And I remember how hard that was for me, i was actually angry that other people were going on with life...how can life act like nothing happened here. when I’m devastated.
You really have to sit with that, to stay with the emotional experience in order to come to terms with it, release it and move forward.
So when you find yourself being triggered by the news of someone else's diagnosis or death from breast cancer, stay there. Stay in that place and check in with yourself. Start asking questions. Why are you feeling this so powerfully? What thoughts and emotions are running through your mind and your body and what do they mean to you? Stay in that space and create awareness.
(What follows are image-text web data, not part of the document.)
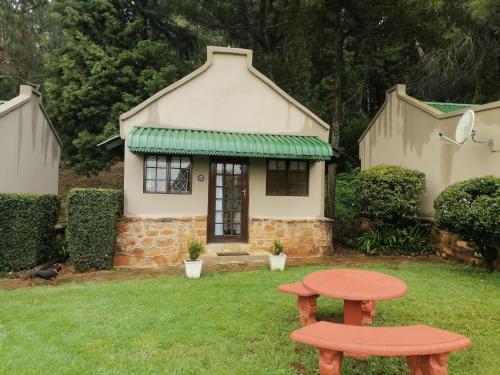 a small house with a bench in the yard at The Retreat Country Lodge in Romelcoh
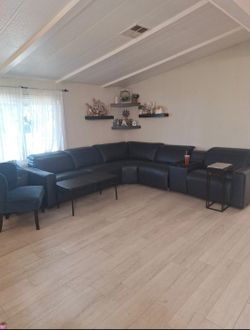 Leather sectional recliners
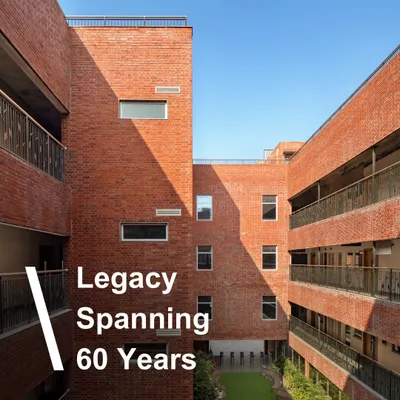 For 60 years, we have created architecture that responds to the needs of today while anticipating the challenges of tomorrow. This image of the HRM Global School, with its enduring brick facade, represents our long-standing legacy in educational design.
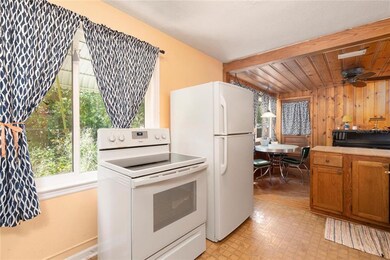 The kitchen opens to the dining area.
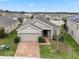 One-story house with a two-car garage and a brick driveway at 9653 Early Loop, Groveland, FL 34736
Candace pert Phd and a pioneer in the field of neuroscience said that “A feeling sparked in our mind or body will translate as a peptide being released somewhere. [Organs, tissues, skin, muscle and endocrine glands], they all have peptide receptors on them and can access and store emotional information. This means the emotional memory is stored in many places... and You can access emotional memory...in any number of ways...The real true emotions that need to be expressed are in the body, trying to move up and be expressed and thereby integrated, made whole, and healed.
Let the emotions bubble up. Let the chips fall where they may…the process of catharsis is not complete without saying things as the first step to experiencing things…To feel and understand means you have worked it all the way through... Once integrated, the natural wisdom of the receptors will release interrupted healing and restorative and regenerative processes can take over.”
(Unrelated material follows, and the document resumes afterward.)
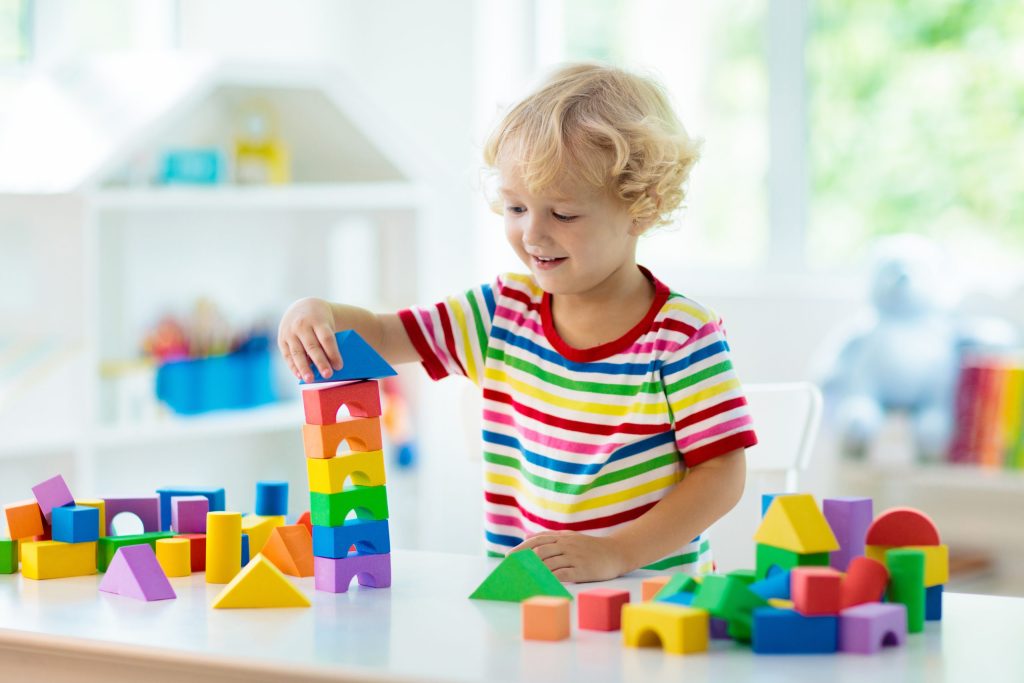 happy child playing with building blocks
This is an essential step to healing and experiencing growth after breast cancer, after trauma. Becoming aware of your feelings, giving words to them, labels, language or better yet, writing about them is the difference between post traumatic stress and post traumatic growth. You can struggle through the stress and keep them buried somewhere in you or you can give yourself permission to let them come up, get a name, be explored and then you can heal and grow this is moving from surviving to thriving. It’s like pulling out a splinter and with that process comes release.
I know people like that and the ones that I know have what I would call a negative attitude, they’re pretty cynical, no is there go to word and judgement is there go to reaction. They’ve never really screwed anything up. They don’t have ex spouses or kids that got caught smoking pot in a high school bathroom so they’re opinion of life is very limited and their empathy for others is too because they don’t get it. They don’t have life experience.
You on the other hand have more life experience than most. You now know what it's like to ace death, you know what it’s like to fight for your life. You know what it's like to make hard choices and to live with the consequences of those choices. You are experienced, you are even more than most people will ever get a chance to be .
But that’s probably not the story you’re telling yourself is it? Here’s the good thing about that, you can change your story. But first you have to look at it and own it. Stop fighting it and saying no I don’t want this I want what used to be because there is no what used to be. That’s gone with yesterday so stop tormenting yourself with it.
So, I’m a big fan of the show survivor, in fact it's my dream to go on the show but ever since chemo my ankles and knees are so crunchy that I can’t run so I keep trying to encourage my youngest so to go on so I can come and visit him during the loved ones visits. If you're a fan too you know what that means and if you’re not a fan it doesn't really matter, I only bring this up because on the newest season of survivor one of the past winners is competing again after 20 years, and since his last appearance on the show he has had cancer.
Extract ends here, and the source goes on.